Si un niño necesita ir al sanitario durante una clase, el personal tiene que conseguir a siete más que también necesiten ir. “En cuanto se forman en fila, ya caminamos al baño”, dijo el empleado de Casa Padre.

Algunos de los niños en ese albergue fueron separados de sus padres en la frontera, pero la mayoría fueron detenidos al cruzar sin un padre o tutor.

“Si se sienten tristes, todo se queda en silencio”, dijo el empleado. “Los verás sentados en el suelo, como abrazándose a sí mismos”.

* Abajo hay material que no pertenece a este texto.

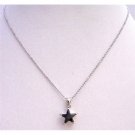 UNE216  Black Star Pendant Pendant Necklace Embedded w/ Immitation Jet Crystals Necklace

En ocasiones, por la noche, se destina tiempo a la oración. Después de eso, muchos se concentran en hacer pulseras de diseños complejos, que se convierten en regalos, recuerdos, el símbolo de alguien.

Las luces se apagan a las nueve de la noche. Después, algunas noches, el viejo y cavernoso Walmart en el sur de Texas se llena con el sonido de los niños migrantes traviesos que imitan los ruidos del ganado confinado.

Kayla Cockrel, Caitlin Dickerson, Michael LaForgia y Liz Robbins colaboraron con este reportaje.